Jane Fonda, in 1982, emphasized the idea, as well as the expression “Feel the Burn”, in which she had promised that muscular pain was the result of solving the problem.

You have built muscle and stamina this way, she says. But would you be surprised to learn that the concept “no pain, no gain” existed long before 1982?

In fact, faith dates back to the beginning of the second century, when the term was interpreted as a spiritual lesson. Without the trouble of doing what God commands, there is no spiritual gain.

David B. Morris wrote this in The Scientist in 2005: “No pain, no gain” is a modern American mini-story: it squeezes the story of a protagonist who understands that the path to performance only passes through the difficulties.

“He described this as a modern form of Puritanism. But back to the idea that “without pain, without profit,” applied to everything, only guarantees that life and performance will be filled with stress and suffering.

No Pain No Gain.

Who really wants that? Certainly not me!

Life on planet earth should be focused on happiness, joy, and connection. No Pain. No Gain We are destined to flourish, to grow, to be creative, to change and to reproduce ourselves.
So why should we intentionally express the pain in our lives?

What makes people accept suffering to live a meaningful life?

Maybe you’re thinking right now: “Wait a minute, Joan!” However, it takes the pain, effort, and hard work to get something of value or importance, the only way I am really touched is hard work! Nothing has been easy, and if so, it means less to me. ”

Yes, I recognize that many things in life are not easy, or without putting our shoulder on the wheel, so to speak.
Suir a little. Past-past. Tap new growth.
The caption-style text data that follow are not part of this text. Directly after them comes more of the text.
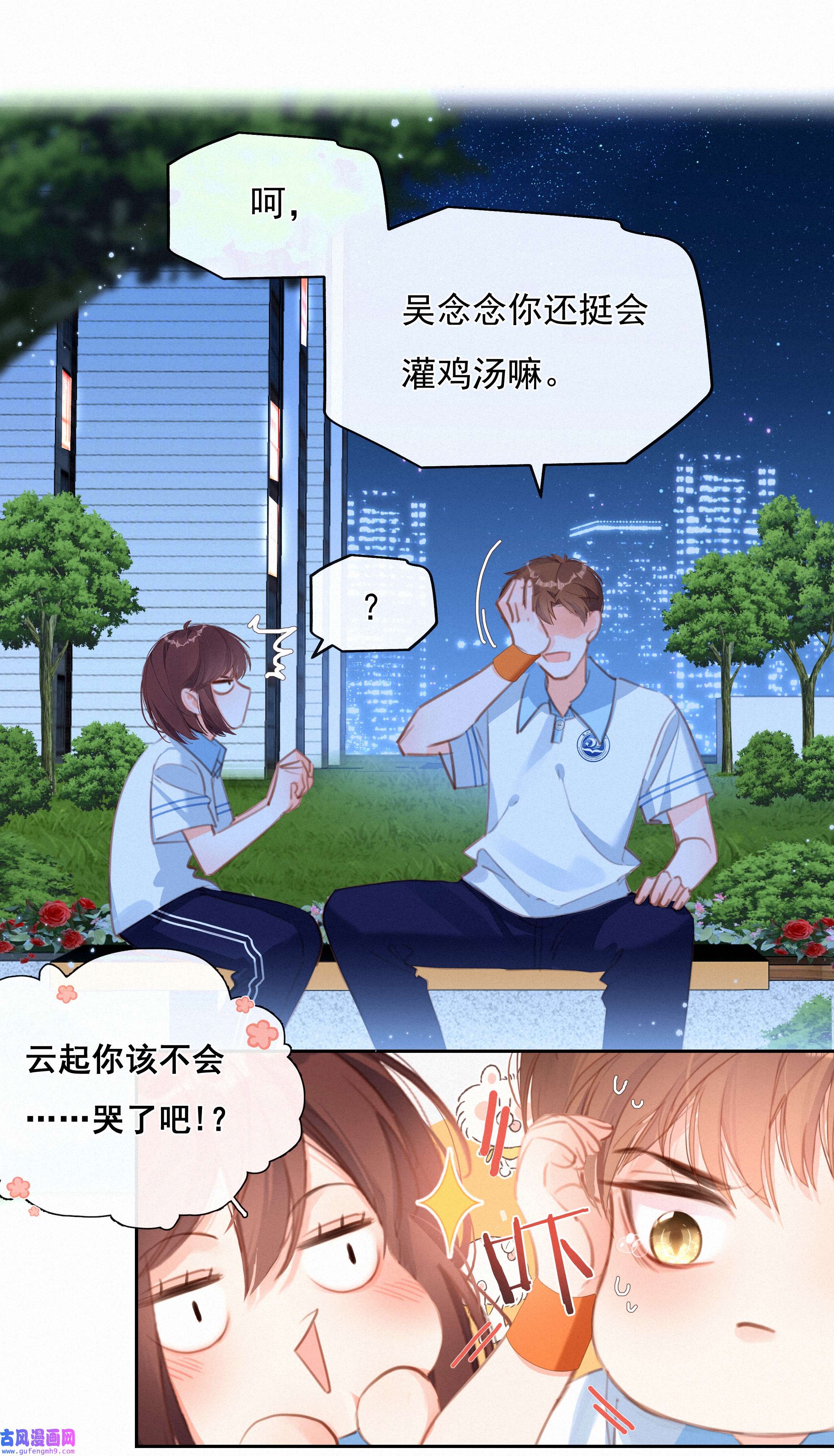 致特别的你037 心的距离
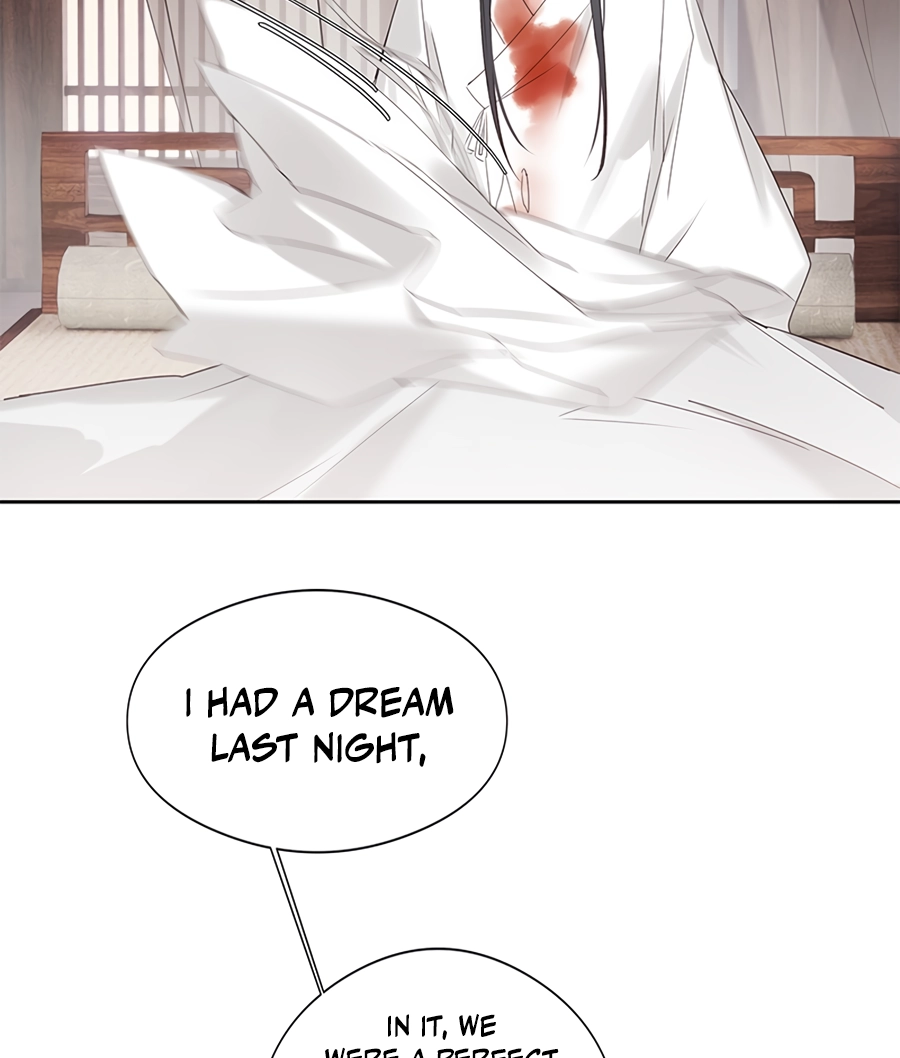 When You See Snow Chapter 3 page 16 - 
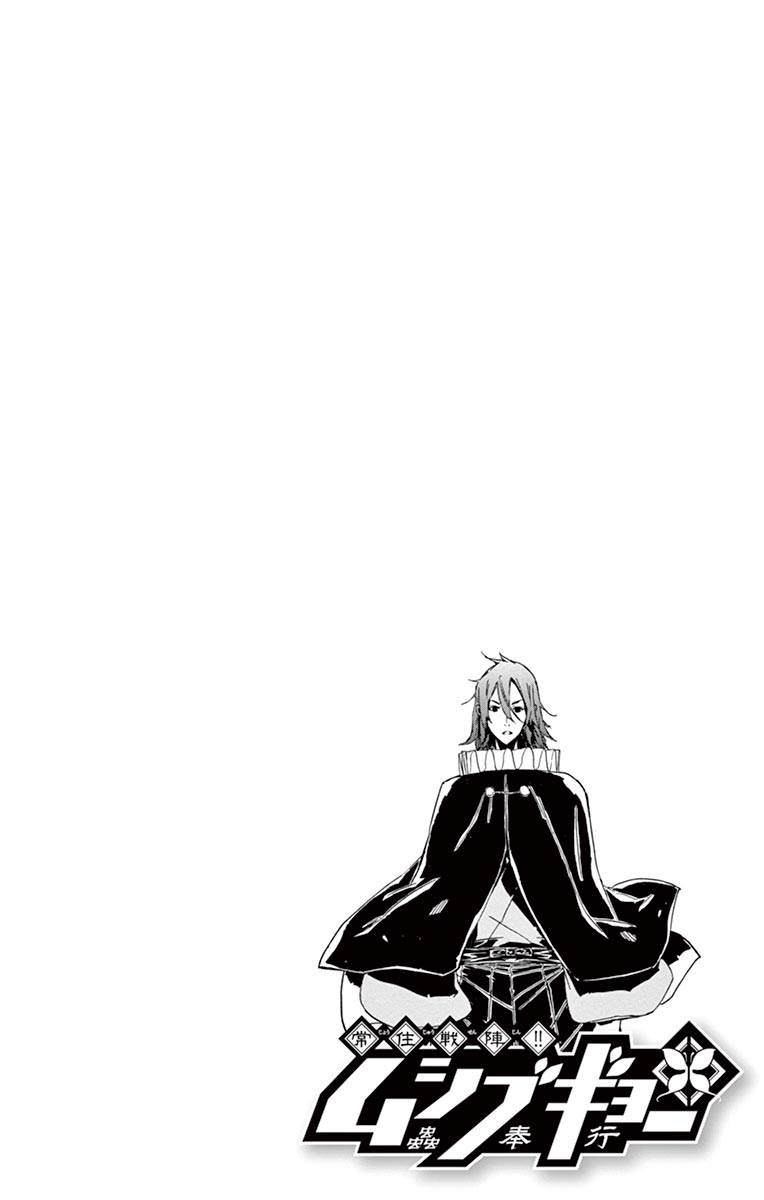 Page 2 of Chapter 228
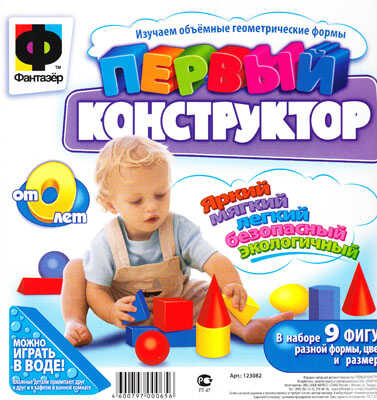 Фантазер мягкий модульный конструктор 9 деталей (123082), производитель Фантазёр, ISBN 460-0-79700-065-6№ 1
However, what I want to suggest is that “pain” is not a natural consequence of profit.
Instead, the pain is a wake-up call, a spiritual lesson.

When pain enters your life, you have the opportunity to ask, “Why are you here, what lesson do I need to learn, what should I change or change?”

My belief, which took years to formulate, is that pain only appears in my life to wake me up!
Again and again, over the years, suffering from an unhappy marriage, toxic workplaces, painful relationships, and an impulse to succeed in the region of my choice, I have discovered in the long run that was not necessary.

But I thought I must have the pain to get there. To receive. Have a successful and abundant career. Until a serious health problem wakes me up!

Hello Joan, hello! What do you know that there is an easier, more fruitful and satisfying way?

Damn, that’s it, and the pain was my guide. If I had emotional, physical or spiritual pain, it was my chance to listen and change, to change or to let myself go.

What is there for you? Is it time that you give up the tired old slogan “No pain, no gain”? For, apart from very limited use of exercise (and not all exercises, count), PAIN IS A WAKE-UP CALL.